▸ **Task item**
Transcribe exactly every line from the one containing "Milky Way Stars" down to the final line of the listing below, including both, and leave out the rest.

= Beginning of Section =

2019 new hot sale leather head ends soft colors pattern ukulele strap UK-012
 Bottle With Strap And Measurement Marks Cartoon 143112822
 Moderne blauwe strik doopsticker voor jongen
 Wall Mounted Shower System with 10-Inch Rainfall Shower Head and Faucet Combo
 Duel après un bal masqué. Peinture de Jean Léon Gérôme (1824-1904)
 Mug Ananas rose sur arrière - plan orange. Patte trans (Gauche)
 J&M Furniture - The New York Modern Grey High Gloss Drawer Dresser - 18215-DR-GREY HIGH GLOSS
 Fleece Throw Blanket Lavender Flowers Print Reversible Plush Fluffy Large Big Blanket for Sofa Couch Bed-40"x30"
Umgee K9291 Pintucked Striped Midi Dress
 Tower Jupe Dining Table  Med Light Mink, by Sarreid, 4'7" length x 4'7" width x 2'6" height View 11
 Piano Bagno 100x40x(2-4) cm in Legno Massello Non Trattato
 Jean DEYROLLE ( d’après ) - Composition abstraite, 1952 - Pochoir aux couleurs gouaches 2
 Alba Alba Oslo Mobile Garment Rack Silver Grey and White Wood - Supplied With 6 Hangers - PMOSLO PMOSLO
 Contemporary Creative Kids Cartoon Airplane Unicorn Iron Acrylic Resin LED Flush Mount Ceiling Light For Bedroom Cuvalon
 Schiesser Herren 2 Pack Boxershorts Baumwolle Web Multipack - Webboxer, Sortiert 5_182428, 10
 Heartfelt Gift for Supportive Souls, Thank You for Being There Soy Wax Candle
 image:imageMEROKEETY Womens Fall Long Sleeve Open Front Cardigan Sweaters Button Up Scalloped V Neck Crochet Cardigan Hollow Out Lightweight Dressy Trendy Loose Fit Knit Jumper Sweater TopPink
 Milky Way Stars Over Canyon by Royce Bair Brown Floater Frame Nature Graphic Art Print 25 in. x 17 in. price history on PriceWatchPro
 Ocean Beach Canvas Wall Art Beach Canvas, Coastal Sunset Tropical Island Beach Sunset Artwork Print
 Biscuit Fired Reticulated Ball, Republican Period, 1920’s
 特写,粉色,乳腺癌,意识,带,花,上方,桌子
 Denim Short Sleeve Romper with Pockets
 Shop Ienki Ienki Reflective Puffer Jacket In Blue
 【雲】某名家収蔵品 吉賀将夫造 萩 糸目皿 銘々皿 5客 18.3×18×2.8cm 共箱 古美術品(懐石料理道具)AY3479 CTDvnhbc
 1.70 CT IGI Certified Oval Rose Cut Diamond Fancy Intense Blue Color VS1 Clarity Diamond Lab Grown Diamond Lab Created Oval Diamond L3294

= End of Section =

▸ **Task result**
 Milky Way Stars Over Canyon by Royce Bair Brown Floater Frame Nature Graphic Art Print 25 in. x 17 in. price history on PriceWatchPro
 Ocean Beach Canvas Wall Art Beach Canvas, Coastal Sunset Tropical Island Beach Sunset Artwork Print
 Biscuit Fired Reticulated Ball, Republican Period, 1920’s
 特写,粉色,乳腺癌,意识,带,花,上方,桌子
 Denim Short Sleeve Romper with Pockets
 Shop Ienki Ienki Reflective Puffer Jacket In Blue
 【雲】某名家収蔵品 吉賀将夫造 萩 糸目皿 銘々皿 5客 18.3×18×2.8cm 共箱 古美術品(懐石料理道具)AY3479 CTDvnhbc
 1.70 CT IGI Certified Oval Rose Cut Diamond Fancy Intense Blue Color VS1 Clarity Diamond Lab Grown Diamond Lab Created Oval Diamond L3294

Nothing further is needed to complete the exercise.